Studio album by Dawes
- Released: April 9, 2013
- Genre: Folk rock
- Length: 51:10
- Label: HUB
- Producer: Jacquire King

Dawes chronology
| Nothing Is Wrong (2011) | Stories Don't End (2013) | All Your Favorite Bands (2015) |

= Stories Don't End =

Stories Don't End is the third studio album by American folk-rock band Dawes, released on April 9, 2013.

==Critical reception==

Stories Don't End has received generally positive reception from most music critics.
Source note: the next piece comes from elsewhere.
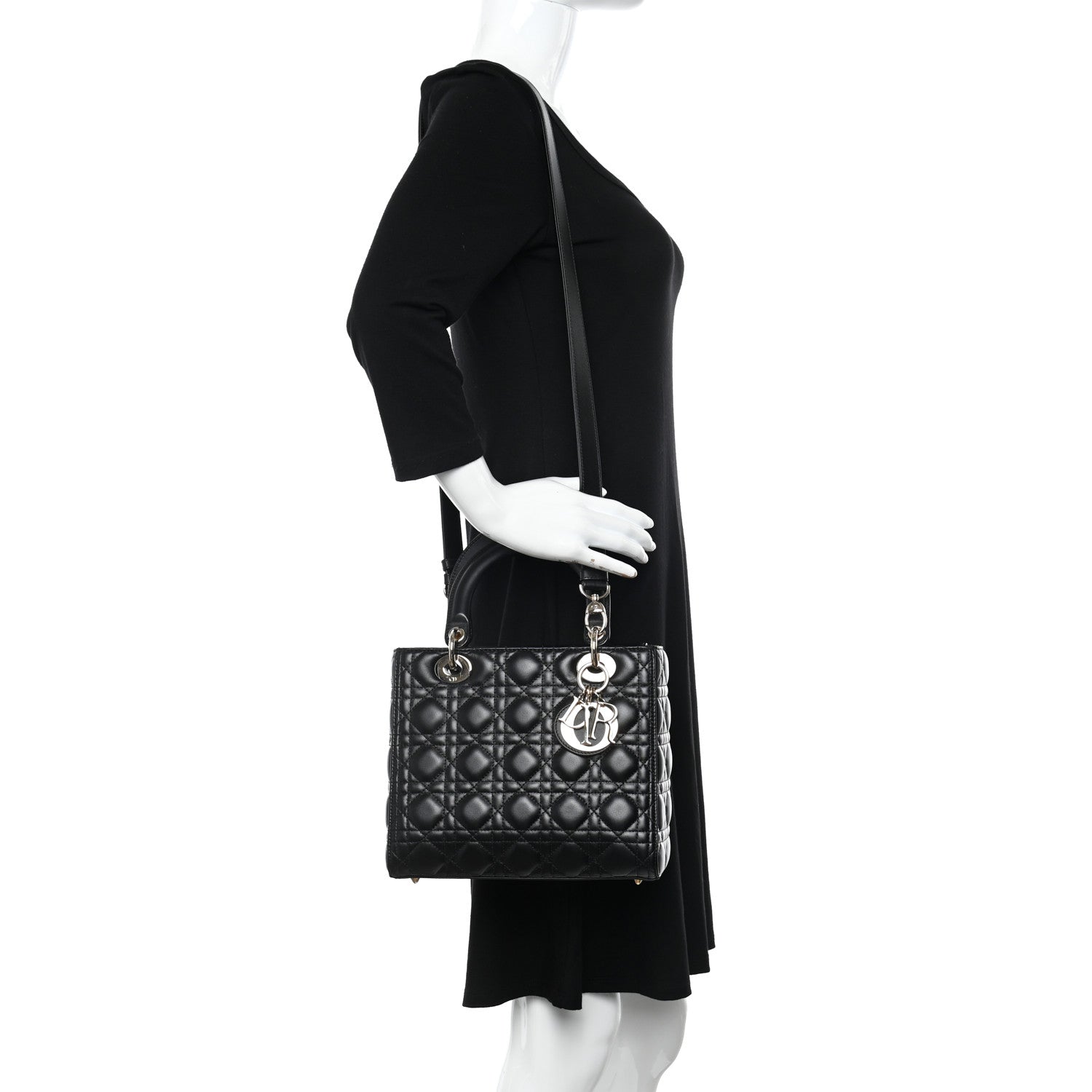 Christian Dior Lambskin Cannage Medium Lady Dior Black 2 of 11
At Metacritic, they assign a weighted average score out of 100 to ratings and reviews from mainstream critics, the album received a Metascore of 76, based on 12 reviews.

James Christopher Monger of Allmusic alluded to how the release "barely registers upon the first spin (it's easy pop for the millennial generation), but if given the time to percolate, it produces a damn fine cup of coffee." At American Songwriter, Jim Beviglia affirmed that the album "is still a step forward, if only for the moments of off-the-cuff brilliance that result from all the ambitious effort." Consequence of Sound's Henry Hauser called the album "distinctively modern." Jim Farber of the Daily News declared that "there's a sure sense of composition that both recalls a classic era and speaks to any."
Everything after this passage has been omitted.